Christopher Nolan’s movies have always been about pain and loss–about emotion–but he’s looked at these ideas through a detached lens and a quantifiable structure. Here, though, he takes a different approach for the most part, and the film looks at raw emotion and asks us whether it can be essential to our scientific advancement. There are elements of pain and loss throughout, but that gives way to a through-line of hope, of inspiration, of optimism. The bonds we form through love transcend time and space, and even though love may hurt us and confound us, it is also the very thing that allows us to reach for the stars and beyond.

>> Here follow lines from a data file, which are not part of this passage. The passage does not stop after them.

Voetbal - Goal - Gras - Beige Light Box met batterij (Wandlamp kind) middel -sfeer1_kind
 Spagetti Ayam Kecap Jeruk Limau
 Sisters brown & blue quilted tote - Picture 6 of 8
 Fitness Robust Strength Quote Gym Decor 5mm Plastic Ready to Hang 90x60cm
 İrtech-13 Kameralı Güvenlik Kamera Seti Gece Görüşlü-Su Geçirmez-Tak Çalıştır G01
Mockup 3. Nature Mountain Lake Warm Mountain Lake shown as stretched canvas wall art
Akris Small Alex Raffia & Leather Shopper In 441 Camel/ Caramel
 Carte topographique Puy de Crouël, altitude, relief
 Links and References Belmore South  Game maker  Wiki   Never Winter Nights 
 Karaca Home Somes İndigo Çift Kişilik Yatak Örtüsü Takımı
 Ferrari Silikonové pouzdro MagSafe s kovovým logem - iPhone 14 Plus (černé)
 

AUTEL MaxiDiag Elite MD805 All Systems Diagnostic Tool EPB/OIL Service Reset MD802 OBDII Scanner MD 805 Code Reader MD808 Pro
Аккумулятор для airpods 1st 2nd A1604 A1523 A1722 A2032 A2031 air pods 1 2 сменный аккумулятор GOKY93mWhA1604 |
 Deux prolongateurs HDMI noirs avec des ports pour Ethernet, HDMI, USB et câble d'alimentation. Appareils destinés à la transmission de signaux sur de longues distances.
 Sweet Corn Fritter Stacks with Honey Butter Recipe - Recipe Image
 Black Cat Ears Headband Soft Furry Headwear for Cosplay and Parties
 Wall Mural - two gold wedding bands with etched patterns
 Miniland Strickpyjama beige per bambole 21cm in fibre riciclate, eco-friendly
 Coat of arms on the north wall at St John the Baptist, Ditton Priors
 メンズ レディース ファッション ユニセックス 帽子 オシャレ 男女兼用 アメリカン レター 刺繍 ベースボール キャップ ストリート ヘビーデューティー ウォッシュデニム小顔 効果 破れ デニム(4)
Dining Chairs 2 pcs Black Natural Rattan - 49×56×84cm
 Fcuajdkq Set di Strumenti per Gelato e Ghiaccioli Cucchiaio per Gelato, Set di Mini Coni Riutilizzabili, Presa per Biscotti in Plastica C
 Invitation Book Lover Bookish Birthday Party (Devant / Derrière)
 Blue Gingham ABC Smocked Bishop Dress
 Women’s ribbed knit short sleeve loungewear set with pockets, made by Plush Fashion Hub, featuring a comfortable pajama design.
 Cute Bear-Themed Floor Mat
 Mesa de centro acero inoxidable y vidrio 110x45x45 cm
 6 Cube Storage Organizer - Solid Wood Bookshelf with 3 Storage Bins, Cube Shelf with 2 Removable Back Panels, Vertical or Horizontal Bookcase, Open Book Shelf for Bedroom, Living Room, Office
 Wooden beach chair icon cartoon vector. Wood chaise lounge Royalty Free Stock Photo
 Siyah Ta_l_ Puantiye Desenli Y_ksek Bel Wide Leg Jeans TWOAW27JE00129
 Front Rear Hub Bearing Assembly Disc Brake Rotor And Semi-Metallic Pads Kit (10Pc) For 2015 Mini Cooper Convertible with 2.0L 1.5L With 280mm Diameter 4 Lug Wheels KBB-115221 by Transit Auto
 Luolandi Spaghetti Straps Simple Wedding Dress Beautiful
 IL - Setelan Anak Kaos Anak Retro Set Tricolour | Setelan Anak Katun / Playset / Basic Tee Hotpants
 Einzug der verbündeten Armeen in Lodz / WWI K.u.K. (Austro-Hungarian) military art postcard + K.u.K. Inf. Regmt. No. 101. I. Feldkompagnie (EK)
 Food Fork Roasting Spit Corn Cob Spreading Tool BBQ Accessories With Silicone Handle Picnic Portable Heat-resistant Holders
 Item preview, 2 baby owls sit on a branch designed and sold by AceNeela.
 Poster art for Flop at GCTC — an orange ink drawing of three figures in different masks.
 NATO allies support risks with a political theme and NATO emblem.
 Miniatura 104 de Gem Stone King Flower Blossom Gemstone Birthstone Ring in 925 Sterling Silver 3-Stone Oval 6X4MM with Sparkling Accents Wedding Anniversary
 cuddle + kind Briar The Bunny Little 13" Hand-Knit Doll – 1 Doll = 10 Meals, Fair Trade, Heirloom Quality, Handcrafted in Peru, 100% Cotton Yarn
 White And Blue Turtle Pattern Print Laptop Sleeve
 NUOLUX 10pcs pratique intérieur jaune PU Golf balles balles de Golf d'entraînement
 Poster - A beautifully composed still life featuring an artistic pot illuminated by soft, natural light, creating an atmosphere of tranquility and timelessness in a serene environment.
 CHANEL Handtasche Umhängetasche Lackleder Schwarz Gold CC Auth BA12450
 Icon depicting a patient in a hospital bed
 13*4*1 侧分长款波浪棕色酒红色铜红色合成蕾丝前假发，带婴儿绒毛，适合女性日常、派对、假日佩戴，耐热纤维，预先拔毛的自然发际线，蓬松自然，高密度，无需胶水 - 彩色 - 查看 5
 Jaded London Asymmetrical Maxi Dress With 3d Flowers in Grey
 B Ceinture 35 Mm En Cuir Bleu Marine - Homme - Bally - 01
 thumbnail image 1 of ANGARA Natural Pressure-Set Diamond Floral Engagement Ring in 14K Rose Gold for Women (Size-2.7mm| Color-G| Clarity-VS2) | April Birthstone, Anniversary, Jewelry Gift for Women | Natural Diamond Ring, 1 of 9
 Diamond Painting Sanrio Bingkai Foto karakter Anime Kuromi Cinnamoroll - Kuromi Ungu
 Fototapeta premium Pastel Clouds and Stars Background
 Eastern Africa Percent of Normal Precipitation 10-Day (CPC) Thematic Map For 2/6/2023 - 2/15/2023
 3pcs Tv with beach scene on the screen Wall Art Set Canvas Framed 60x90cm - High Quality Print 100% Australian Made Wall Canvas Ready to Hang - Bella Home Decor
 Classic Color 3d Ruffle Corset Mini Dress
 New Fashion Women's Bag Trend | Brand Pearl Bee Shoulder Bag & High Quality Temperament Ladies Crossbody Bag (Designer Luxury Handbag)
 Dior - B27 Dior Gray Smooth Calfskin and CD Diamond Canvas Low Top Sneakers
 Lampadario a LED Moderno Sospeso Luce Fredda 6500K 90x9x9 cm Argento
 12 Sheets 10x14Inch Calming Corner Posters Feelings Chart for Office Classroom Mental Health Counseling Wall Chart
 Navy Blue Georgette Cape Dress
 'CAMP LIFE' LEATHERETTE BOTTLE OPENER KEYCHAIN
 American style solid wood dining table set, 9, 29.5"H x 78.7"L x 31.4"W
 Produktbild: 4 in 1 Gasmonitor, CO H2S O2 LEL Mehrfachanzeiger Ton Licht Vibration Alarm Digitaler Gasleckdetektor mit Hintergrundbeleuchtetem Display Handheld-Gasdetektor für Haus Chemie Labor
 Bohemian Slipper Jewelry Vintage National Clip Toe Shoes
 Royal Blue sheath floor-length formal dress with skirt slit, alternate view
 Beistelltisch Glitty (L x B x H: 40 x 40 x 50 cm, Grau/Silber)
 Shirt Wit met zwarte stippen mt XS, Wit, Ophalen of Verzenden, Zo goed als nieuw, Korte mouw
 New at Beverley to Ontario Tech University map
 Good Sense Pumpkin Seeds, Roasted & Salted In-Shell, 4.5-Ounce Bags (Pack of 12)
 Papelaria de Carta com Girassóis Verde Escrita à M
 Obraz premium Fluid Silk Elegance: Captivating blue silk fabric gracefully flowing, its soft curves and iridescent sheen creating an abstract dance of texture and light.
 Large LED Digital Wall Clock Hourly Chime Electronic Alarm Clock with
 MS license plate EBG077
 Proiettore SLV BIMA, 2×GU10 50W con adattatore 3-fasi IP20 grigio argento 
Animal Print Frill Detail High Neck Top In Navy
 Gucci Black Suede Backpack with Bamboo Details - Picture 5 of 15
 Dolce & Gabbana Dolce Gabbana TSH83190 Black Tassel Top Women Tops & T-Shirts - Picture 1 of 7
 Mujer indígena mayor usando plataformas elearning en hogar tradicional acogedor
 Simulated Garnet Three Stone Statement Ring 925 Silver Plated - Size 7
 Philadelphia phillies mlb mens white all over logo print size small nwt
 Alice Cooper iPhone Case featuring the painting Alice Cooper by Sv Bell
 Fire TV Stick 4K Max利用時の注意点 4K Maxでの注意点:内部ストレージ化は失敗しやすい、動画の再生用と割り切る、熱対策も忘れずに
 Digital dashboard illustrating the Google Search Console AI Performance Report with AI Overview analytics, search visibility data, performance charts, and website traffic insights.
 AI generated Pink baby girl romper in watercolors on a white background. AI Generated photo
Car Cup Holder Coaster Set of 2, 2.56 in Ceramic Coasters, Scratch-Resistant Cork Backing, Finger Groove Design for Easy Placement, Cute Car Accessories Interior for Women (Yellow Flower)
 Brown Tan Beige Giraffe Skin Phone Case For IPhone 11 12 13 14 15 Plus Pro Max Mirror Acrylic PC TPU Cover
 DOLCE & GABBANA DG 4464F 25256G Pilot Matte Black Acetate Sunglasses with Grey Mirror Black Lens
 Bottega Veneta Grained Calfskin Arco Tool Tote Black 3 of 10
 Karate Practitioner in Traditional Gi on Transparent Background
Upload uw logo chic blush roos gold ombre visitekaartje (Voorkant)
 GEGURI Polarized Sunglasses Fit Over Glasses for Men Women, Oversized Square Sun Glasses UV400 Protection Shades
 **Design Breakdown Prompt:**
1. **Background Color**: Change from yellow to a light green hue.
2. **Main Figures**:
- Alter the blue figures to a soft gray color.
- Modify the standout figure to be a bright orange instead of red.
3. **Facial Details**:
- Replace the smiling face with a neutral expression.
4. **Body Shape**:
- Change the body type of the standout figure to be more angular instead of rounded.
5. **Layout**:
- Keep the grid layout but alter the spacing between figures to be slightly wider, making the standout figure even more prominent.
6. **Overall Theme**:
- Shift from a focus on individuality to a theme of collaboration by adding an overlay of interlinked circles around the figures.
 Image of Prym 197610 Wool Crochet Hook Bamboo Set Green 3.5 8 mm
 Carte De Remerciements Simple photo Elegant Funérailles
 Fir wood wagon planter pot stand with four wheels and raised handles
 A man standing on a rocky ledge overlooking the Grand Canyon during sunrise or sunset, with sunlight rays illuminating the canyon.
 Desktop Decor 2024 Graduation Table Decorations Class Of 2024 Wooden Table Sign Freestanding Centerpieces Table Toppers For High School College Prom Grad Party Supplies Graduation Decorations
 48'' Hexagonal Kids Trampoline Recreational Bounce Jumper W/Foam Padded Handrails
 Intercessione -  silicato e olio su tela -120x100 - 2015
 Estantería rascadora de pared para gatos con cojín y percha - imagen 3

Nolan explores these ideas through the central relationship of Cooper and Murph, a father-daughter combo that is wonderfully depicted by Matthew McConaughey and Mackenzie Foy/Jessica Chastain. The two are separated swiftly at the beginning of the movie, but the relationship is constantly emphasized for the remainder of it, with Murph’s resentment building up as Cooper desperately wants to return to save her. There is pain here from the separation of loved ones, and the camera lingers on the pain that is written in the characters’ faces; this is the most emotionally intimate Nolan’s ever been, and while you may not expect one of his movies to move you, there’s no denying that this one hits some deeply affecting emotional highs.
This is also a movie in which Nolan commits to one vision, then sells it with aplomb and with passion. This is a movie that is fascinated by science, that is pure science fiction. This is a movie that poses questions about the relationship between humanity and science and delves into the ideas of self preservation and the survival of the whole, of selfishness and selflessness, of man vs. nature, of man vs. man, of what we will do to survive. It plays with time, delivers stunning visuals and sequences, and features some of Nolan’s most elegant directorial choices in his career.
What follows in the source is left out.